Suspending possession does not mean surrendering or abandoning one’s identity. It is a deliberate act of vulnerability, a conscious choice to allow the other’s words to enter our discourse without immediate resistance. It is as if we told ourselves: “For a moment, I don’t have to defend anything. I can allow myself to listen fully, even to what unsettles what I thought I knew.” This suspension is anything but weakness; it requires inner strength and trust in one’s ability to remain standing even when certainties falter.
From the standpoint of lived experience, this choice is motivated by an encounter with our own limits. In moments of clarity, we realize that our language does not exhaust reality, that our categories cannot contain the complexity of experience. It is then that we may feel what could be called “altruistic convenience”: recognizing that opening a breach to the other is not merely an act of generosity but a benefit to ourselves. When we stop obsessively defending our positions, we discover that they were not monolithic blocks but constellations of possibilities—open to enrichment, integration, and even transformation.

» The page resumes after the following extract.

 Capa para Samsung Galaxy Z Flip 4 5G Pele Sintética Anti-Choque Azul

Many have experienced this “altruistic convenience” in their own lives. Think of a family argument in which, at a certain point, one person chooses not to return yet another accusation but to remain silent and listen. What seems at first like a concession becomes the moment when the other lowers their guard, allowing a new possibility for understanding to emerge. Or think of an academic exchange: suspending the rush to prove oneself right often makes space to notice nuances in the other’s argument that paradoxically strengthen our own position or push us to refine it.

Suspending claims to possession thus transforms vulnerability into a resource. Where it exposes us, it enriches us; where it disarms us, it makes us more capable of receiving. It overturns the logic of conflict: the one who “wins” is not the one who defends most skillfully, but the one who allows the other to enter without destroying what is already there. In this space, dialogue ceases to be a duel and becomes a place of co-creation, where identity is not lost but redefined.

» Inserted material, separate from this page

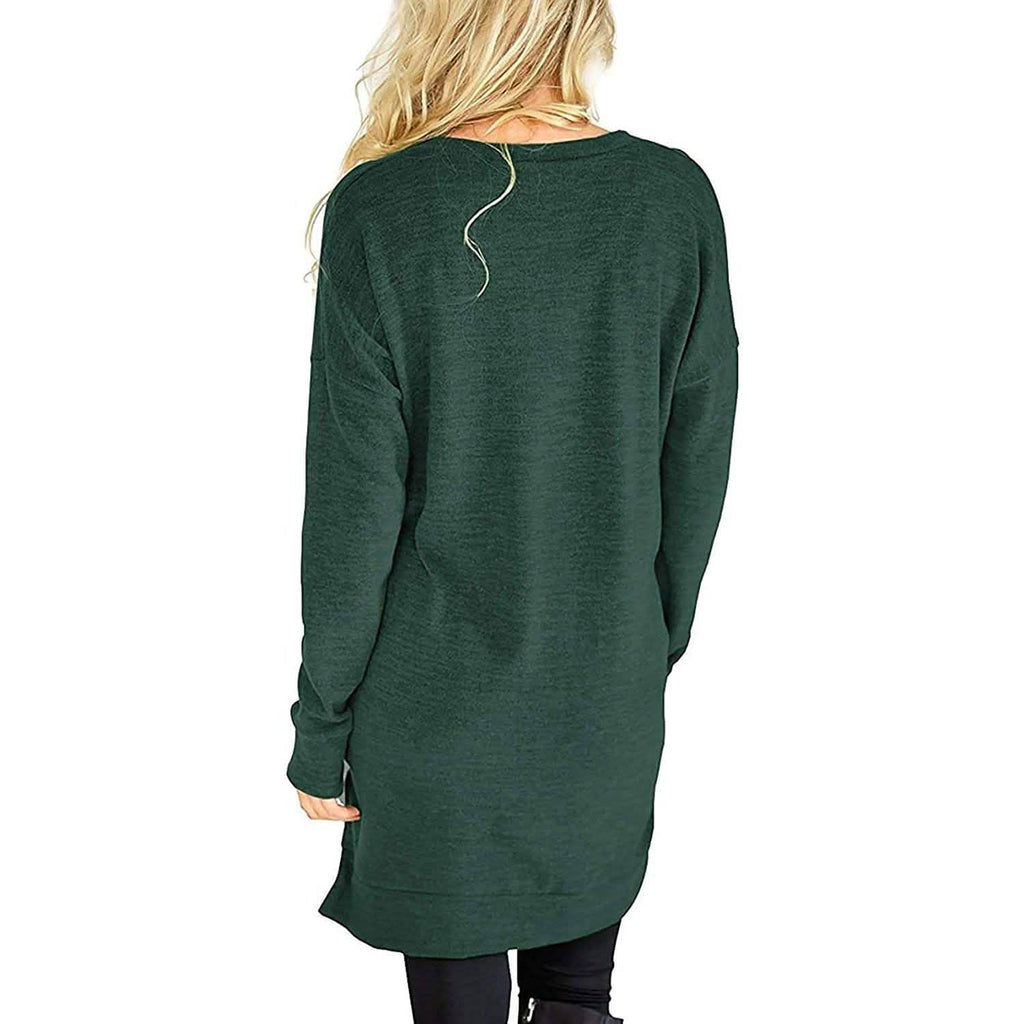 Haut Tunique Décontracté à Manches Longues et Col en V pour Femme, Couleur Unie, avec Poches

3.3 The capacity to welcome what exceeds
Evental dialogue never leads to a perfectly controllable outcome. What happens between interlocutors always exceeds their initial intentions—a surplus that belonged to neither of them beforehand. This excess is not an accessory element but the very sign that a transformative event has taken place: what emerges no longer belongs solely to either participant but becomes something third, born in the space between them.

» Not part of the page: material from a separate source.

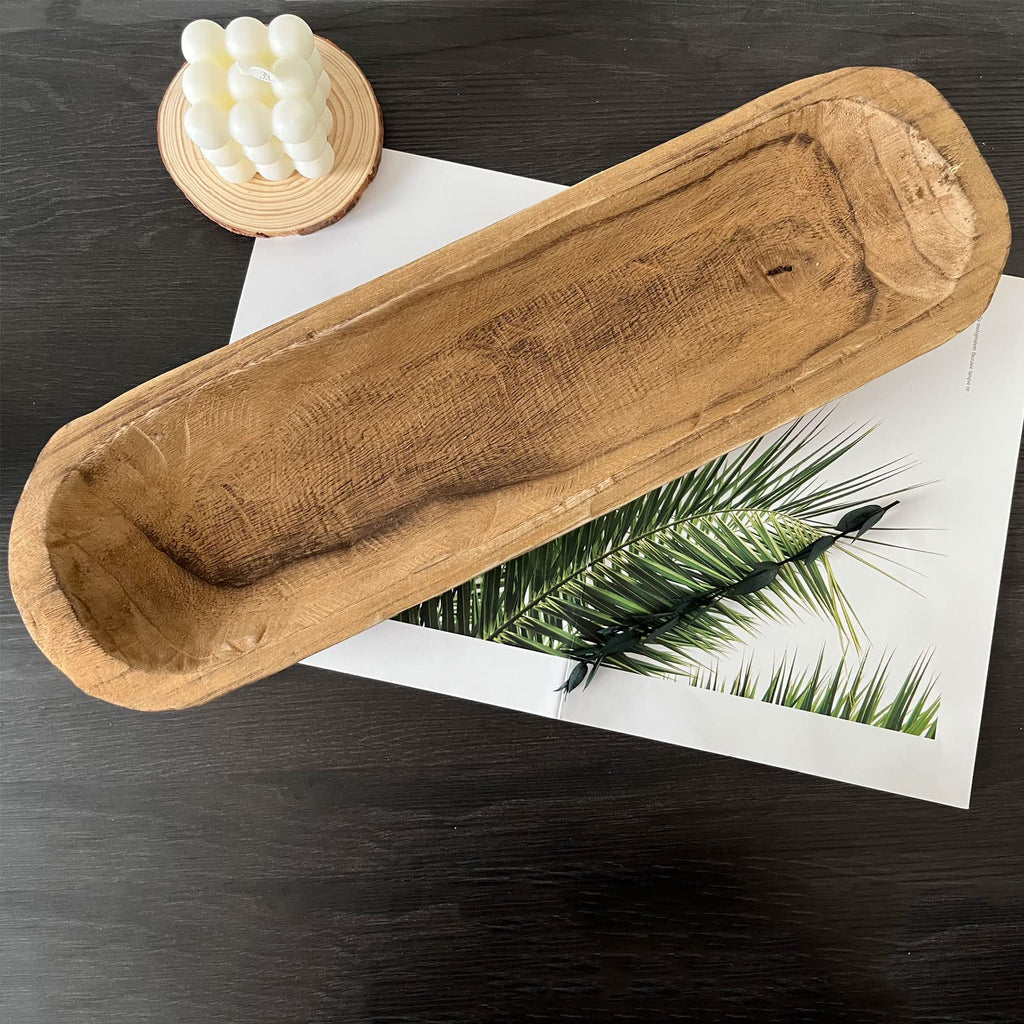 Hand-Carved Wooden Dough Bowl Centerpiece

To welcome this excess means to give up treating dialogue as a functional mechanism that must yield a result proportional to the effort invested. This is difficult because it asks us to set aside immediate utility, to refrain from forcing the outcome back into what can be calculated.
What moves us in this direction is the rare but decisive experience of finding ourselves changed by an encounter we did not plan. The transformation that results is never fully reversible: what we have seen, heard, or understood cannot be un-seen, un-heard, or un-understood. It is the experience of a “before” and an “after.”
A striking example of this dynamic can be found in Mozartian dramaturgy. In the finale of Così fan tutte, with music by Wolfgang Amadeus Mozart and libretto by Lorenzo Da Ponte, the experiment designed by Don Alfonso to prove female infidelity comes to an end. Throughout the opera, two young officers, Ferrando and Guglielmo, have tested their fiancées, Fiordiligi and Dorabella, by pretending to leave for war and then returning in disguise to court each other’s beloved. After initial resistance, the women yield, and the game grows serious. At the end, the deception is revealed, and the couples are reunited.
But the happy ending is not a simple restoration of the initial order. Mutual forgiveness is tinged with unease: what happened has exposed fragilities, desires, and possibilities that can no longer be ignored. The final chorus says it openly: “Fortunato l’uom che prende / ogni cosa pel buon verso, / e tra i casi e le vicende / da ragion guidar si fa” (Finale II). What is celebrated is not the return to some untouched order, but the acceptance that life is made of “cases and occurrences,” of unpredictability to be integrated, not erased. This acceptance marks a true transformative passage: from a mere rebalancing of the initial order to a new awareness that inaugurates a different way of being in relation.
To welcome what exceeds is to acknowledge that the encounter was not in vain, even if it hurt us, and that the truth emerging from it no longer belongs only to the parties but to a shared dimension. It is a choice not to neutralize the surplus of meaning that dialogue produces, not to reduce the new to a disturbance to be normalized. It means, instead, making use of it—letting it reshape our criteria of judgment and our way of being in the world.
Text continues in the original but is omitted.